МОРСКОЙ ОКУНЬ ДЛЯ ПИКАССО

Однажды, когда Пикассо пожаловал к нам на обед, я украсила рыбу особенным манером, надеясь, что порадую его. Я вы­брала чудесного полосатого окуня и принялась его готовить, следуя теории моей бабушки, у которой, честно признаться, не было опыта в готовке и которая редко заглядывала на кухню, но зато у нее был в запасе целый ворох доморощенных теорий от­носительно кулинарии, не говоря уже о множестве других ве­щей. Рыба живет в воде, толковала она, а потому, извлеченная оттуда, больше не должна соприкасаться с той стихией, где родилась и выросла. Бабушка советовала запекать рыбу или же припускать ее в вине, в сливках или в сливочном масле. Поэтому я сварила court-bouillon из сухого белого вина, горошин черного перца, лаврового листа, веточки тимьяна, шепотки му­скатного цвета, луковицы, утыканной гвоздичинами, моркови, стебля порея и букета fines herbs. Все это варилось полчаса на маленьком огне в специальной рыбной кастрюле, затем кастрюлю сняли с огня и остудили. После того рыба была положе­на на решетку, вставлена вместе с решеткой в кастрюлю, закры­та крышкой, медленно доведена до кипения и варилась еще 20 минут. Снятая с огня, она была оставлена остывать прямо в court-bouillon. Затем бульон был осторожно слит, рыба подсуше­на и положена на рыбное блюдо. Перед подачей на стол я смазала рыбу обычным майонезом и, используя кондитерский мешок, расцветила красным майонезом, смешанным не с кетчупом, что, по-моему, ужас из ужасов, а с томатной пастой. Затем я украсила ее протертыми через сито крутыми яйцами, белки и желтки отдельно, трюфелями и мелко нарубленными fines herbs . Я с гордостью вынесла свой шедевр, и Пикассо вос­кликнул: как это красиво! Но, спросил он, не кажется ли вам, что такой чести скорее достоин Матисс, а не я?

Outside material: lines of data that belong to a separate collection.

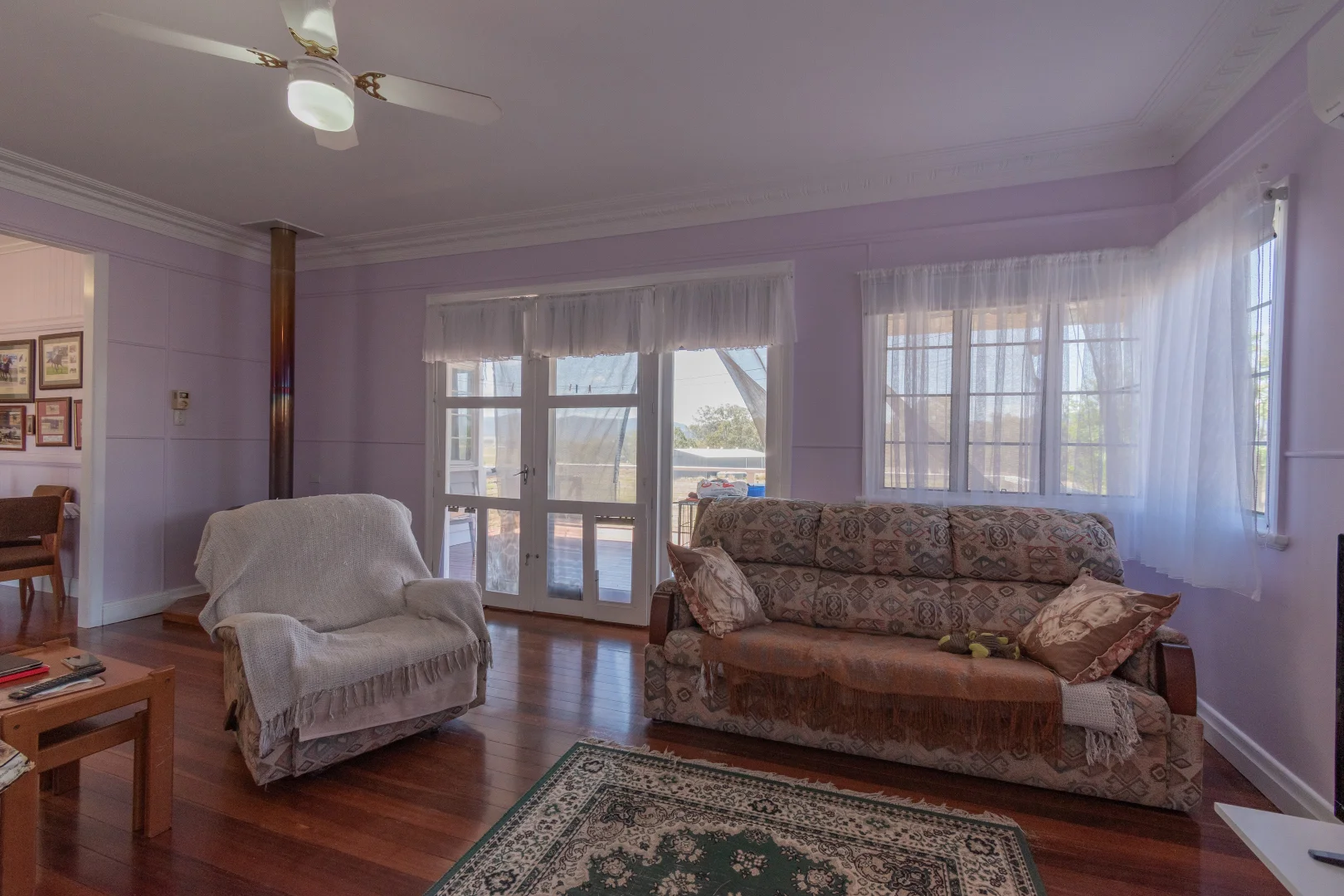 Additional image 10 of 45 Richards Road, Maryvale QLD 4370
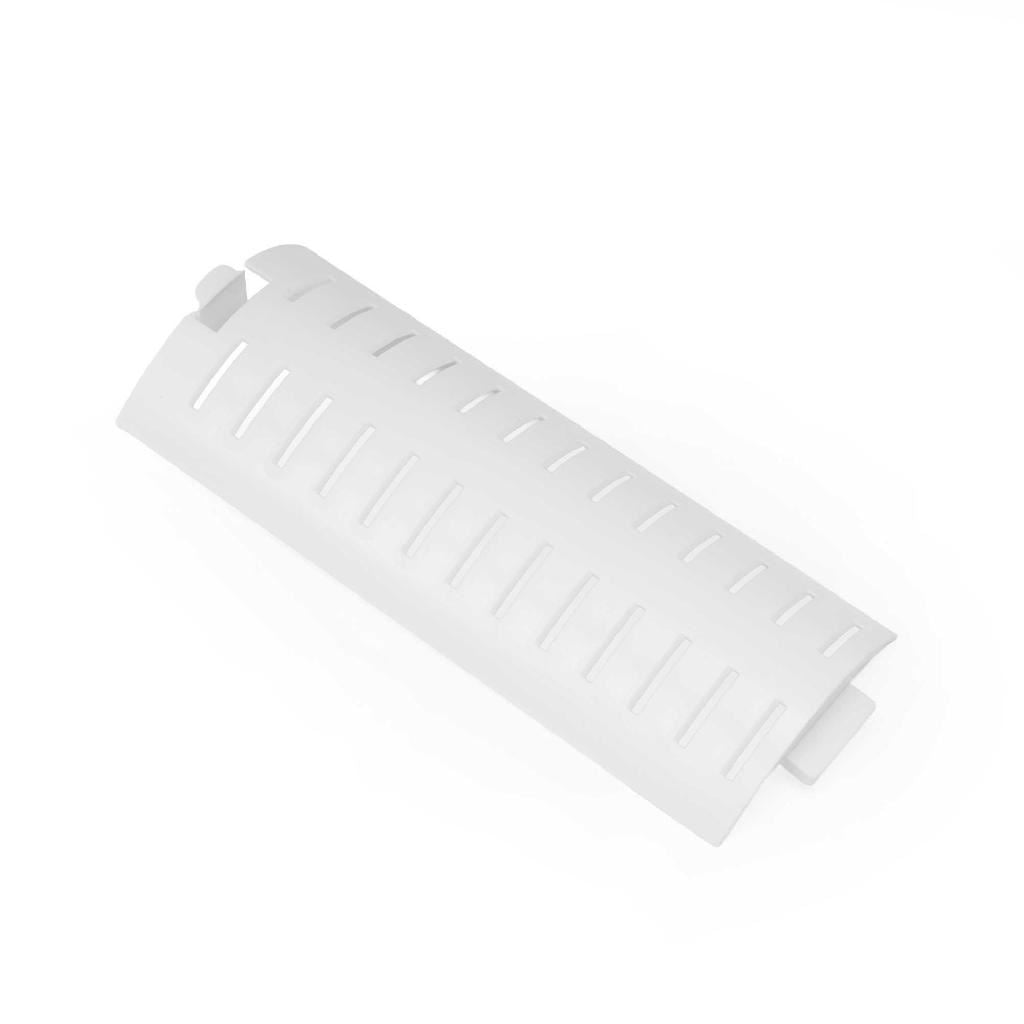 E Flite Receiver Compartment Hatch: Conscendo 2.0M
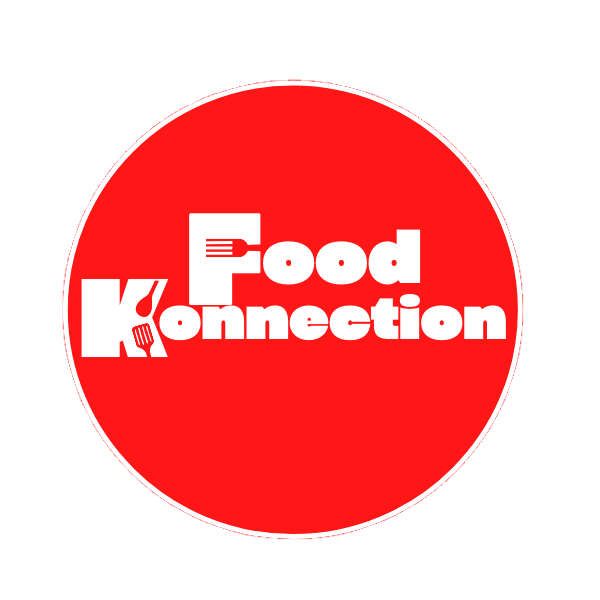 Food konnection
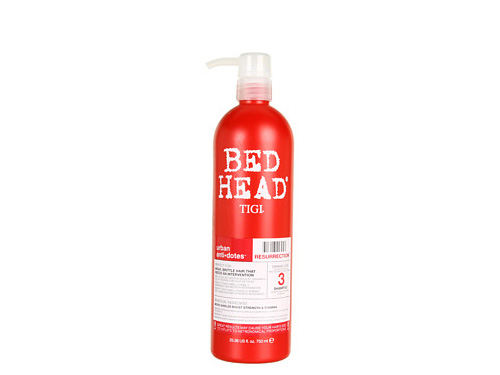Bed Head Resurrection Conditioner 25 fl oz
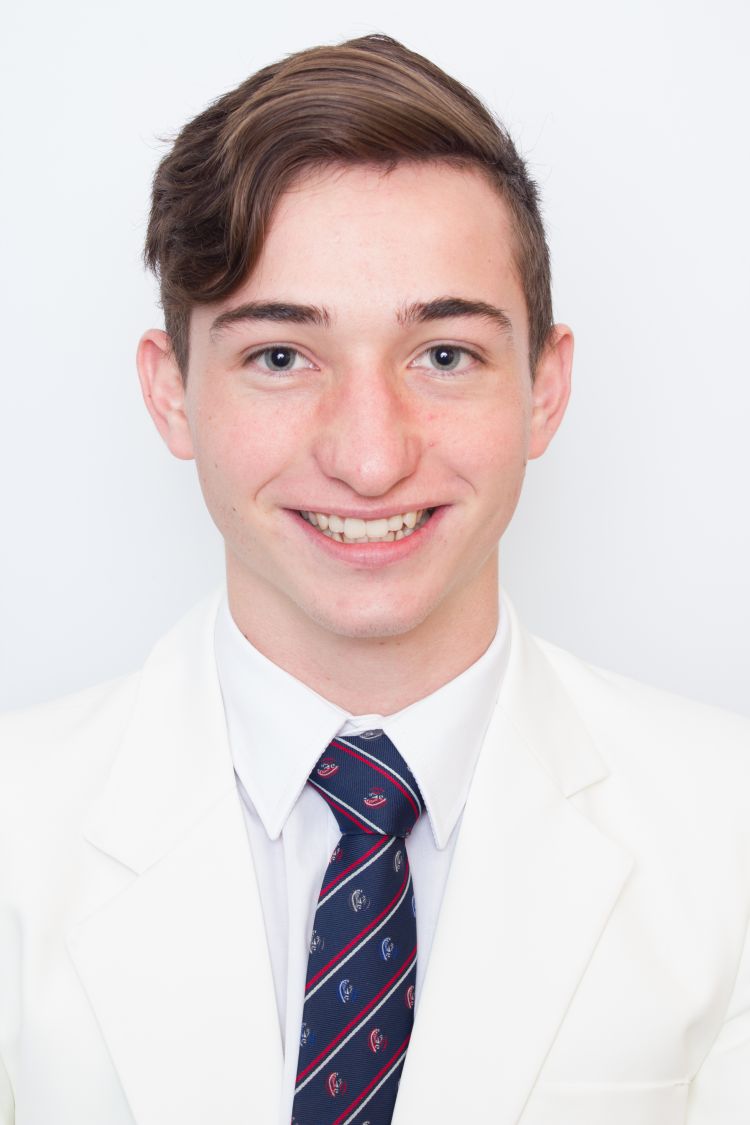 Van_Heerden_James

Пикассо много лет сидел на строгой диете; ему удавалось дер­жать ее даже во время мировой войны и оккупации, но, что забав­но, после освобождения он вдруг расслабился. Однако красное мясо все же было объявлено вне закона, впрочем, отказаться от него было нетрудно, ибо в те дни говядина французам доставалась редко, но при возможности они готовы были побаловать себя не­изменным запеченным филе говядины в соусе Madere. Курицу он тоже не очень жаловал, зато к запеченной ноге молодого барашка относился с большой благосклонностью. Мы собирались подать нежную телячью вырезку, предварив это блюдо суфле из шпината, который доктор очень рекомендовал Пикассо; приготовление шпината в виде суфле, как я полагала, вполне допустимо. А нель­зя ли было разнообразить его, добавив соус? Но какой соус вы­брать, чтобы не нарушить диету Пикассо? Побалую его немного, решила я. Суфле будет приготовлено в форме, щедро смазанной сливочным маслом, и опушено в кипящую воду, а когда шпинат полностью сварится, его выложат в неглубокую миску, вокруг ко­торой одинаковыми полосками будет положен желтый голландский соус, белый сливочный соус и красный томатный. Я надея­лась, что шпинатное суфле, окруженное трехцветным соусом, все же не будет выглядеть слишком калорийным. Мучительный вы­бор, сказал Пикассо, когда ему подали суфле.

Единственный художник, чьим рецептом я когда-либо воспользовалась, был Франсис Пикабиа, и хотя это всего лишь блю­до из яиц, оно достойно имени своего создателя.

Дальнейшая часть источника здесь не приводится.